CME:

US - The intrepid forecasters of the Agricultural and Applied Economics Association’s Extension Section take their best shots at more than just livestock — they forecast a number of data pieces and prices for crops, the agricultural economy and the general economy as well. And let no one think this effort is without consequences!, write Steve Meyer and len Steiner.
calendar icon 1 August 2011
clock icon 4 minute read

The forecasters who are the most accurate for Livestock, Poultry, Crops, Dairy and the General Economy receive handsome certificates that, while not done in Old English calligraphy by master craftsman, do take several minutes each to print on the University of Missouri’s high quality printers. It’s amazing what economists will actually compete for.

The group’s average forecasts for wheat, corn and soybean output, exports, 2011-12 crop year ending stocks and annual average US farm price appear in the top table below.

The group’s wheat forecasts are very close to USDA’s July WASDE predictions.

They are decidedly less optimistic than USDA about the corn supply situation, however, with their average production figure being nearly 300 million bushels lower than USDA’s July WASDE figure of 13.47 billion bushels.

The surveyed economists believe the lower output figure till push exports slightly lower than USDA’s predicted 1.9 billion bushels and have 2011-12 year-end stocks just over 80 million bushels lower than does USDA at this time.

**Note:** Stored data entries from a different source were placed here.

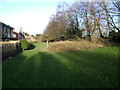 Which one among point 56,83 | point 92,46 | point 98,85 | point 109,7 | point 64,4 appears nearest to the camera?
point 98,85

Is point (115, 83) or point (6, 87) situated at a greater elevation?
point (115, 83)

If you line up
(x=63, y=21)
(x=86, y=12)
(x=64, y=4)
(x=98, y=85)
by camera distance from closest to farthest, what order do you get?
(x=98, y=85) < (x=86, y=12) < (x=64, y=4) < (x=63, y=21)

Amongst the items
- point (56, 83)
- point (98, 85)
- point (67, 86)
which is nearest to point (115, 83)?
point (98, 85)

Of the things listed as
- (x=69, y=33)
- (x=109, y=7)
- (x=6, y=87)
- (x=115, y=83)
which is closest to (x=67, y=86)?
(x=115, y=83)

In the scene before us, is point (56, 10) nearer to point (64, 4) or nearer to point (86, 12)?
point (64, 4)

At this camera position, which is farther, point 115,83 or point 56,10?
point 56,10

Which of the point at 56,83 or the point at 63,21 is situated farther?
the point at 63,21

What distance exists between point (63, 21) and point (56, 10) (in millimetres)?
2718

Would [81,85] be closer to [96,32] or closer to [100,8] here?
[100,8]

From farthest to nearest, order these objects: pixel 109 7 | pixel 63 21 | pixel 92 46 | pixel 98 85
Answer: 1. pixel 63 21
2. pixel 109 7
3. pixel 92 46
4. pixel 98 85

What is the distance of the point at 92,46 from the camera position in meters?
12.1

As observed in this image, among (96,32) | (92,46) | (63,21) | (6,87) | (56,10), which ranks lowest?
(6,87)

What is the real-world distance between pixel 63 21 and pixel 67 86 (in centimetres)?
1958

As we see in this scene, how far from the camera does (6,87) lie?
326 centimetres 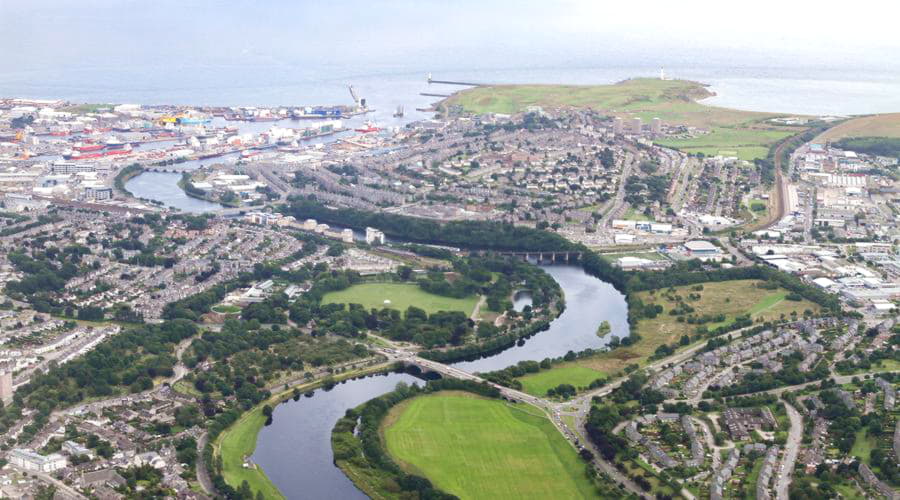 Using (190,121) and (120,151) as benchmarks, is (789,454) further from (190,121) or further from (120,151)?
(190,121)

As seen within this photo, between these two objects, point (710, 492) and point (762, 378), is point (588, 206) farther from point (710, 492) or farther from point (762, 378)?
point (710, 492)

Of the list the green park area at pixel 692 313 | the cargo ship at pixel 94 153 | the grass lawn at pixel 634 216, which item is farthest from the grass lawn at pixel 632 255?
the cargo ship at pixel 94 153

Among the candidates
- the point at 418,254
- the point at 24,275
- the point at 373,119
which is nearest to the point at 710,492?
the point at 418,254

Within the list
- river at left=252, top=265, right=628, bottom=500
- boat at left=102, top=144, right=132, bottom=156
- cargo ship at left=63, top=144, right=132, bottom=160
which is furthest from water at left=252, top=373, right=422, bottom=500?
boat at left=102, top=144, right=132, bottom=156

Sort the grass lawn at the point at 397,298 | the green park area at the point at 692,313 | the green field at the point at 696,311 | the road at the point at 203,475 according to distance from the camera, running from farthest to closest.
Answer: the grass lawn at the point at 397,298
the green field at the point at 696,311
the green park area at the point at 692,313
the road at the point at 203,475

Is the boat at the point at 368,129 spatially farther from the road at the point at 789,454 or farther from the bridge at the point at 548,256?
the road at the point at 789,454

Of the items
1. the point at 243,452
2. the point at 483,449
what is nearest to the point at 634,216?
the point at 483,449

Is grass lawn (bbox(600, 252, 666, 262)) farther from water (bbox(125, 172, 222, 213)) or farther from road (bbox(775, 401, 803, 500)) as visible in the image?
water (bbox(125, 172, 222, 213)) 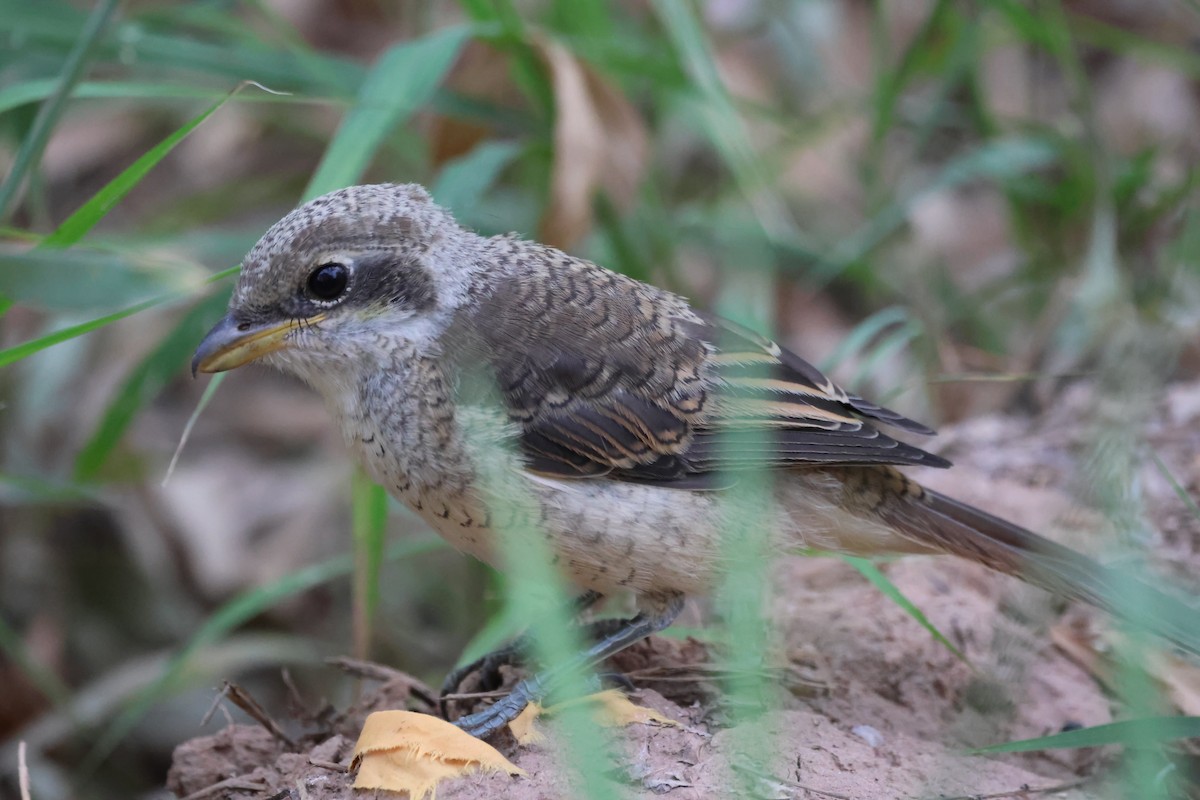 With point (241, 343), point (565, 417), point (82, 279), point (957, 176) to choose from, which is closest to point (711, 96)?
point (957, 176)

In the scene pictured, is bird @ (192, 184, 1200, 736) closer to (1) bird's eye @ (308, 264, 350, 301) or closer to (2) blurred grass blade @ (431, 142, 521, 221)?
(1) bird's eye @ (308, 264, 350, 301)

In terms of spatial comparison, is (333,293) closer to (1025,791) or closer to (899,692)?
(899,692)

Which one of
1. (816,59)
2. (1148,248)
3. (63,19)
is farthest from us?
(816,59)

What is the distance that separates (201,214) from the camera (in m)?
6.46

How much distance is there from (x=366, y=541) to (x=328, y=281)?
950 millimetres

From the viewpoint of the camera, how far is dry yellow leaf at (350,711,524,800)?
2.59 metres

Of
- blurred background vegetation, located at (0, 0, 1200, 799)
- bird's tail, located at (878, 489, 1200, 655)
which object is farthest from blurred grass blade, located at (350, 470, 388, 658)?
bird's tail, located at (878, 489, 1200, 655)

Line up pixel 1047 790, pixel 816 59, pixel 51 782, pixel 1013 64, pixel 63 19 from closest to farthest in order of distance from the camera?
pixel 1047 790 → pixel 63 19 → pixel 51 782 → pixel 816 59 → pixel 1013 64

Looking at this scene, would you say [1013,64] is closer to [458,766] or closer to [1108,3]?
[1108,3]

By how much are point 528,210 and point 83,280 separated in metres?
3.29

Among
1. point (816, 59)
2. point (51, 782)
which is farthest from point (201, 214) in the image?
point (816, 59)

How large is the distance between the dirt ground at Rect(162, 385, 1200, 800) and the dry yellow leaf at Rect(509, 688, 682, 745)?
0.03 meters

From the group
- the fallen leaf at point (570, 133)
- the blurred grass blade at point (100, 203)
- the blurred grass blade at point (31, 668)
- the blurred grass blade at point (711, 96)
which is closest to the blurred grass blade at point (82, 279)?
the blurred grass blade at point (100, 203)

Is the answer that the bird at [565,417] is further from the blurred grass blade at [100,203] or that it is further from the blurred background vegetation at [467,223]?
the blurred background vegetation at [467,223] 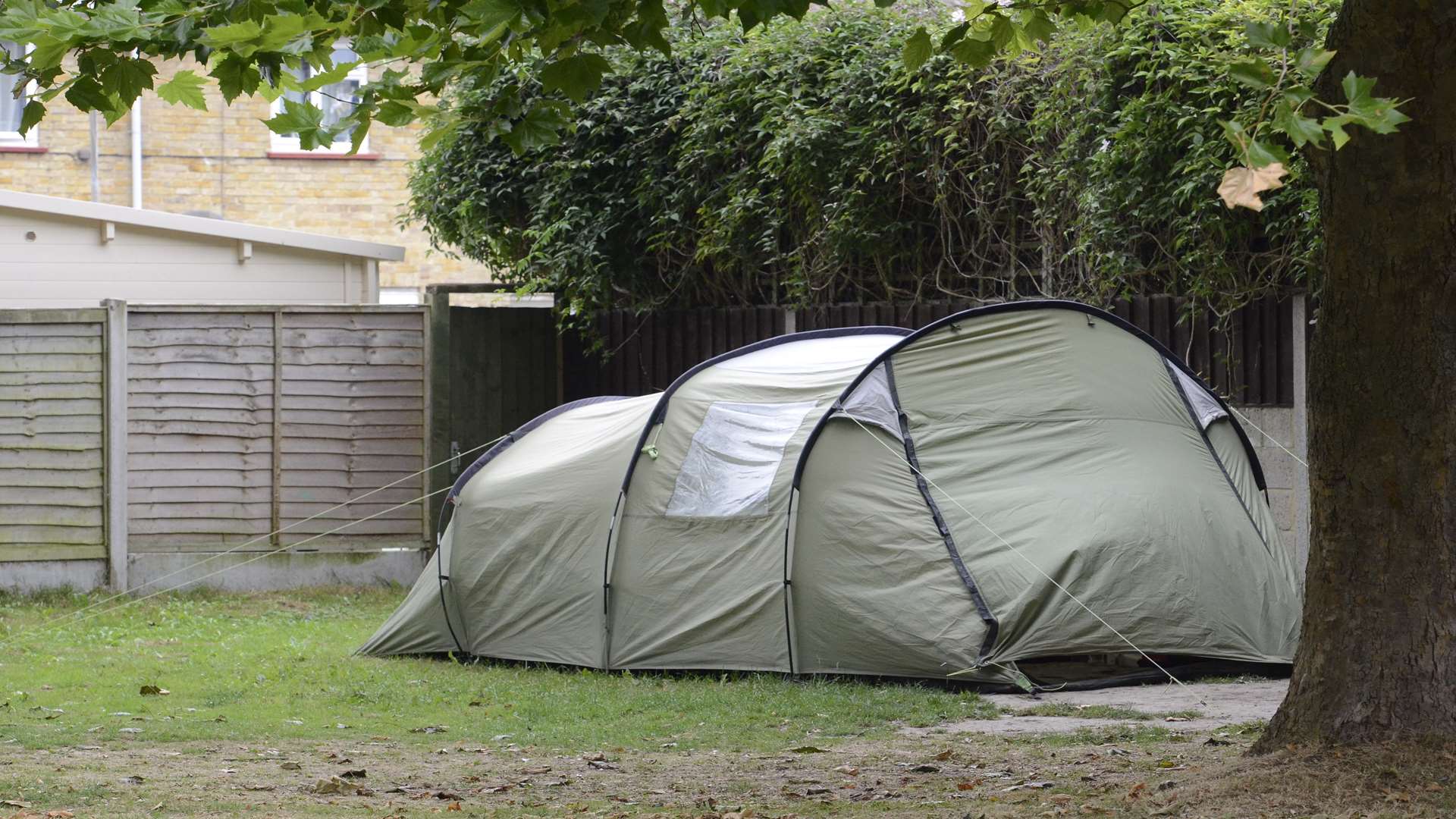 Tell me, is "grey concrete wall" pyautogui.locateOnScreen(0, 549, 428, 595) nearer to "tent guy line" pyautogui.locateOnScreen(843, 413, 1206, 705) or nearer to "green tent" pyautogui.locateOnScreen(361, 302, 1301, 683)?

The economists implied stocks-to-use ratio for the 2011-12 crop year is 5.7 — significantly lower than USDA’s current 6.2. And yet the economists’ forecasted average farm price of $6.22 is still well within USDA’s current range of $5.50 to $6.50.

It should be noted that the survey was sent out in early July. We do not know when most of them were submitted by our guess is that they were virtually all submitted AFTER the 12 July Crop Production and WASDE reports were released.

Another item forecasted by the surveyed economists was the futures market prices of various commodities at specific points during the year.

It should be noted that the economists were only asked about crop futures prices. The average responses are shown in the bottom table.

There were nine respondents for corn, wheat and soybeans and 8 respondents for bean oil and meal.

It is no surprise that no one expects futures prices to be low at any time during the year and the forecasts exhibit what appears to be reasonably normal carries.

For comparison, consider that July wheat futures on 29 June of this year closed at $7.40/bu. — compared to a forecast of $7.67 next year.

For corn, that comparison is $6.85 in ‘11 and a forecast of $7.10 in ‘12.

July soybeans closed on 29 June, 2011 at $13.27, nearly one dollar lower than they are expected to close next year on that date.

Higher 2012 soybeans mean higher soybean products — meal was “only” $337.90/ton this year on 29 June and oil was $0.5555/lb.

The meal price forecast for next year is nearly 10 per cent higher than what we saw this past month.

For the farm economy, the survey respondents see national average farmland values finishing the year strong at +4.8 per cent from 2010 and, on average, expect land values to continue rising in 2011 but at a slower rate, 3.1 per cent.

These economists believe that the economy will actually grow at a faster rate in 2012.

The average forecast for real GDP growth in Q3 and Q4 of ‘11 are 2.3 per cent and 2.2 per cent with an annual rate of 2.1 per cent.

Quarterly GDP growth is forecast to range from 2.2 per cent in Q1 2011 to 2.6 per cent in Q4 with the annual rate coming in at 2.5 per cent.

They also expect inflation, as measured by the CPI for all items, to increase slightly from three per cent this year to 3.2 per cent in 2012.

Finally, they expect monthly WTI spot crude oil prices to range from $87.40 to $112.67/bbl over the next 12 months. That range compares to a range of $75 to $110/bbl over the past 12 months.